Please tell us a bit about yourself, your background, and your journey of becoming the CISO of UST and CEO of CyberProof
I grew up in Atlanta, Georgia. It’s in the Southeastern U.S., which is an area famous for its warmth and Southern hospitality. In my childhood and early adulthood, it had a distinct culture. The values of the South at that time were about being warm and welcoming, with an emphasis on treating each person fairly. These things are deeply engrained in my personality.
I studied aerospace engineering at the Georgia Institute of Technology. Early in my career, I worked for Boeing and Rolls-Royce, Inc., focusing on conceptual design and optimized propulsion systems for next-generation aircraft.
I moved out to California in 1987 and I got an MBA from the University of California, Irvine. After completing my MBA, I co-founded and was the CTO at huddle247.com, rated by PC Magazine as one of the top virtual workspace solutions in 2000.
In 2000 I joined UST, and I’ve never looked back.
What is the story around CyberProof becoming a UST company and how is this special unit serving UST’s global customers?

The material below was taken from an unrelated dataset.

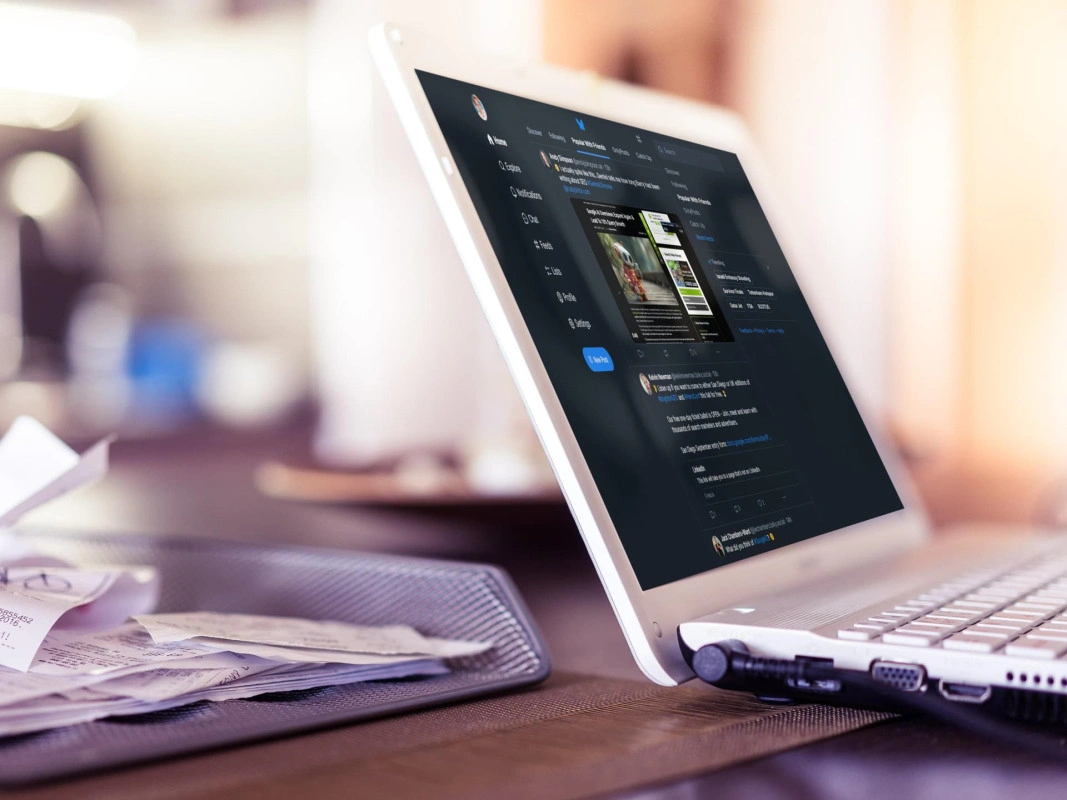 A laptop displaying a Bluesky feed sits on a desk next to a tray full of receipts. (Captioned by AI)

I held the position of Chief Information Officer for several years. At the time, at UST we were highly focused on helping customers become more digital organizations. UST was supporting large enterprises undergoing the process of digital transformation. The key question suddenly became: How can we best help our clients with this transitional process?
As part of our strategy, we realized cybersecurity was going to be an important aspect of digital transformation for our customers, and we wanted to assist them with that process. We decided to spin off cybersecurity capabilities, and thus – CyberProof was born. The decision to create a separate cybersecurity company developed because cybersecurity is somewhat independent of other IT services. Moreover, enterprises were looking for a startup – for an organization that was disruptive. From our perspective, we were interested in impacting how people look at cybersecurity and we felt that to do that, we should be independent.

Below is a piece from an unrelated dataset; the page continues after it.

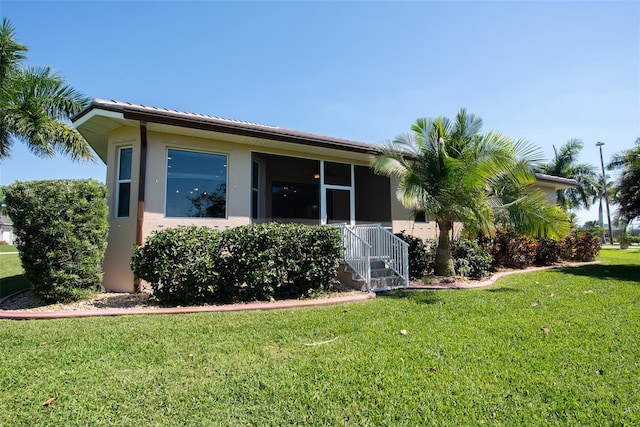 exterior space featuring a lawn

What are the top 3 cyber risks that your customers face nowadays?
Now that everything is connected and organizations are migrating large quantities of data to the cloud, new and increasingly sophisticated attacks – from ransomware to malware, phishing emails, denial-of-service attacks, and more – are threatening businesses every day. The potential attack surface is much greater. As the number of connected devices continues to grow exponentially, businesses are increasingly vulnerable.
The targets are potentially more deadly with the possibility of attacks on pipelines and physical infrastructures. In the future, there are likely going to be attacks on self-driving vehicles. These are completely new situations. They involve new vulnerabilities, new ways of attacking countries, for example – and completely different attack scenarios. There is real cause for concern because these types of attacks have the potential to hurt people.
Human error is the cause of many large-scale breaches. Hackers commonly use social engineering, leveraging psychological manipulation to trick people into making security mistakes or giving away sensitive information. Establishing an employee training program that provides ongoing training for the team is a good way to reduce this type of risk.
What do you love about your team?
I enjoy watching people make fundamental shifts in how they think about a problem. This happens all the time at CyberProof. Our team of bright, clear-thinking professionals continuously think out of the box to come up with innovative approaches. In the fast-changing field of cybersecurity, this is essential.
On a more personal note, if you weren’t a CISO, what would you be doing?
I spent much of my career as an aerospace engineer. It’s a field that’s always been appealing to me because it’s so focused on critical thinking and problem solving. In certain ways, the skills you need working with next-generation aircraft are many of the same skills you need to take cybersecurity to the next level.